Let $f: M \rightarrow \mathbb{R}$ be a smooth function on a manifold $M$. Then $df:M\rightarrow TM^*$ denotes a cut on the cotangent bundle. Then $df$ with $p \in M$ is given by
$$
df(p) = \sum_{j=1}^{n}df(p)\left(\frac{\partial}{\partial x_j}\bigg \vert_p\right)dx_j(p) = \sum_{j=1}^{n}\frac{\partial}{\partial x_j}\bigg\vert_p(f_p)dx_j(p)
$$
I don't get the point where this $dx_j(p)$ comes from. Is this because of the chart of the manifold? Because for the map $f: M \rightarrow \mathbb{R}$, $[\gamma]_p$ beeing the germ in $p$, $df(p)([\gamma]_p) = (Id_M \circ f\circ\gamma)'(0)=(f\circ\gamma)'(0)$ is given for all $[\gamma]_p \in T^{geo}_pM$.

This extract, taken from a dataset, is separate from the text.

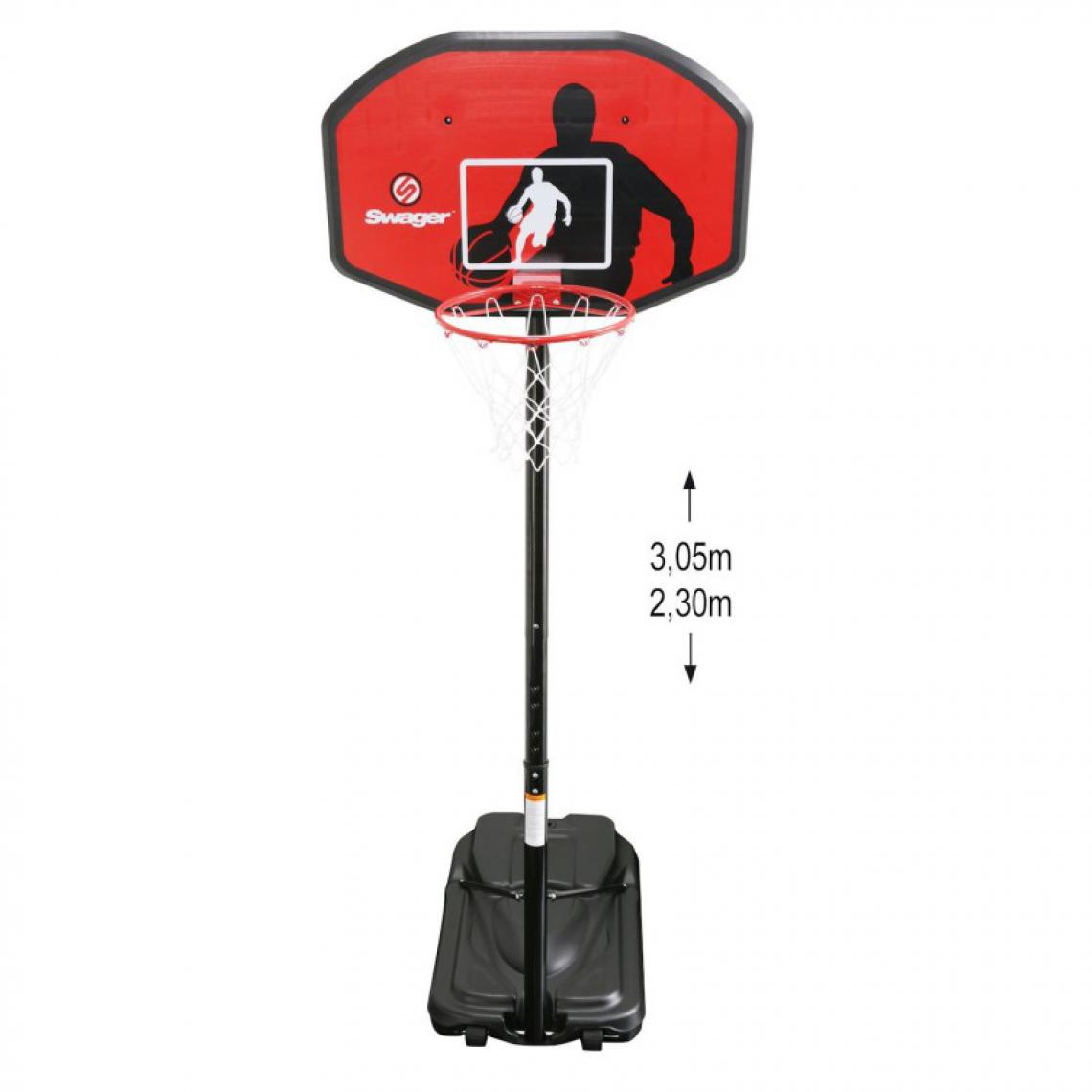 Swager - Panier de Basketball sur Pied Mobile "The Classic" Hauteur Réglable de 2,30m à 3,05m - Jeux de balles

Could anybody help me to derive the form in local coordinates? Maybe an illustrative explanation would help (as far as this seems possible).
Best Answer
If we fix local coordinates $(U, (x^i))$ on an $n$-manifold, then $(dx^a)$ is a local coframe of $TM$ and in particular for any $p \in U$, $(dx^a(p))$ is a basis of $T^*_p M$, so we have $$df(p) = \sum \lambda_a dx^a(p)$$ for some coefficients $\lambda_a$. Since $(dx^a(p))$ is dual to the basis $\left(\left.\frac{\partial}{\partial x^a}\right\vert_p\right)$, evaluating both sides at $\left.\frac{\partial}{\partial x^b}\right\vert_p$ gives $$\lambda_b = df(p)\left(\left.\frac{\partial}{\partial x^b}\right\vert_p\right) .$$ Substituting for $\lambda_b$ recovers the first equality.